Uma ocupação militar é por inerência um sistema de domínio violento que fará tudo o que for preciso, recorrendo à pura força bruta, para se manter e proteger. No caso de Israel, a ocupação adaptou-se eficazmente a cada passo, de forma a permanecer sustentável. Mas o seu objectivo sempre foi claro: manter-se viva e continuar a dominar os territórios ocupados e respectiva população palestiniana.
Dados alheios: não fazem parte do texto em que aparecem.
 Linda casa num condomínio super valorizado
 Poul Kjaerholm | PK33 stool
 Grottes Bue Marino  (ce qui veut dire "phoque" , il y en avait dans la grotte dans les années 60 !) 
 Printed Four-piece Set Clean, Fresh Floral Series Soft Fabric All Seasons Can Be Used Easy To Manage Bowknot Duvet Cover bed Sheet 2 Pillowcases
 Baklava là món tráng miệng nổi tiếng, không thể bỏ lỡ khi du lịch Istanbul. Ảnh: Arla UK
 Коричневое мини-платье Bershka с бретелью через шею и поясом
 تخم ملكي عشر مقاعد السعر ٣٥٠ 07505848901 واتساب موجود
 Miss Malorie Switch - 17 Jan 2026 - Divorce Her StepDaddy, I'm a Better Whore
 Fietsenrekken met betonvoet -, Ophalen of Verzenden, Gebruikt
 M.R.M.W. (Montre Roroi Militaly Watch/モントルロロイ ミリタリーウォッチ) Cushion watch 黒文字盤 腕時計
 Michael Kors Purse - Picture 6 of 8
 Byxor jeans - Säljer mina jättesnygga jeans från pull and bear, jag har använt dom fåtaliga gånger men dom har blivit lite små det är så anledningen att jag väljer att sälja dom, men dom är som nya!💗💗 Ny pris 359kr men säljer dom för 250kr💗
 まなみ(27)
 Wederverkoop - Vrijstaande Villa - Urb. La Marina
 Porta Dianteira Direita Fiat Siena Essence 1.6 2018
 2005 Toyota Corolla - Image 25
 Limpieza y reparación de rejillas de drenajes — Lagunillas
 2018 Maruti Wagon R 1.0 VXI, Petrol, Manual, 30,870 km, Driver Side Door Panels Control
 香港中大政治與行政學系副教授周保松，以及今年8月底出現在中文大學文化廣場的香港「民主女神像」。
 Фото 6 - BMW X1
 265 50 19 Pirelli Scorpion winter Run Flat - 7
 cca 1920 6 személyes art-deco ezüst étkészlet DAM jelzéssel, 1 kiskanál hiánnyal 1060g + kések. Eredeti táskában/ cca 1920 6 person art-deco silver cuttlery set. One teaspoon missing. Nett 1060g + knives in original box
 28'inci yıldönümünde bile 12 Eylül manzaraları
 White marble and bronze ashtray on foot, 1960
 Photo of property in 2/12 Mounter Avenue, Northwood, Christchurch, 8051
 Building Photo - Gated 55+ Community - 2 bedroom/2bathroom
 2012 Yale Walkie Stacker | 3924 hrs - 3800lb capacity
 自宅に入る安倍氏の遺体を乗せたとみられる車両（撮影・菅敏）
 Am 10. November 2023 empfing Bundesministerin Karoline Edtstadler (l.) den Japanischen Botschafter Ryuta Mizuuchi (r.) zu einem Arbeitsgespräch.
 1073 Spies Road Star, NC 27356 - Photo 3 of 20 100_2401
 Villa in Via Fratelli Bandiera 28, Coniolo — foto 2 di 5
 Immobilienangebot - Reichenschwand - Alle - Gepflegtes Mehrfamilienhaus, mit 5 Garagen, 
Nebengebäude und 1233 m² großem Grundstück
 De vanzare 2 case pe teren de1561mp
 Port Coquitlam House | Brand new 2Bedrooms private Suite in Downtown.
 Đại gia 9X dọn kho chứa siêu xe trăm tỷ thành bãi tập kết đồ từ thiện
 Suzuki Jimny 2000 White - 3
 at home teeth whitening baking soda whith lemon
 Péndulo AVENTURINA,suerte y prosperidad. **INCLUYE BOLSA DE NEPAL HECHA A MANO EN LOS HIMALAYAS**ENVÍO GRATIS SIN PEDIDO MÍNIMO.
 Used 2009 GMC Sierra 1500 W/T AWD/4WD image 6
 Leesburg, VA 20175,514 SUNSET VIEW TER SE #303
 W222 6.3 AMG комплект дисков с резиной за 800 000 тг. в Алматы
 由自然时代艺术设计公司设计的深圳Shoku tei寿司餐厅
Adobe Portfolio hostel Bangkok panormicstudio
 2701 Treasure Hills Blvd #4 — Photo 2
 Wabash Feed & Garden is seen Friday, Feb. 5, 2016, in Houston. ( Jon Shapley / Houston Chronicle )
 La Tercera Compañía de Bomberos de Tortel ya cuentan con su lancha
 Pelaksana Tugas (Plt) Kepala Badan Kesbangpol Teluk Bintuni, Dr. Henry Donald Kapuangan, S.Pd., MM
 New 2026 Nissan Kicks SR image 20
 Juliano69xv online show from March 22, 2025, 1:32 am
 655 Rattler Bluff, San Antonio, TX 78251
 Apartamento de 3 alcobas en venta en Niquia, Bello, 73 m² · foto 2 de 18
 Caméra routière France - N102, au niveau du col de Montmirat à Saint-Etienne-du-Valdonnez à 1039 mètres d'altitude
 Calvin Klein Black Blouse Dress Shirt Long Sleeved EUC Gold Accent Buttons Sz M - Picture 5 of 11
Em 2017, para assinalar o quinquagésimo aniversário da ocupação, a Breaking the Silence – uma organização de antigos soldados das Forças de Defesa de Israel que procuram tornar clara a realidade da ocupação – propôs-se entrevistar veteranos que haviam cumprido o serviço militar nos territórios ocupados desde o início da ocupação, em 1967. Queríamos compreender melhor e contextualizar historicamente a realidade quotidiana no terreno. Essa tarefa ambiciosa situava-se bem para lá do alcance daquilo que a organização – que, até então, apenas recolhera testemunhos do ano 2000 em diante – alguma vez fizera.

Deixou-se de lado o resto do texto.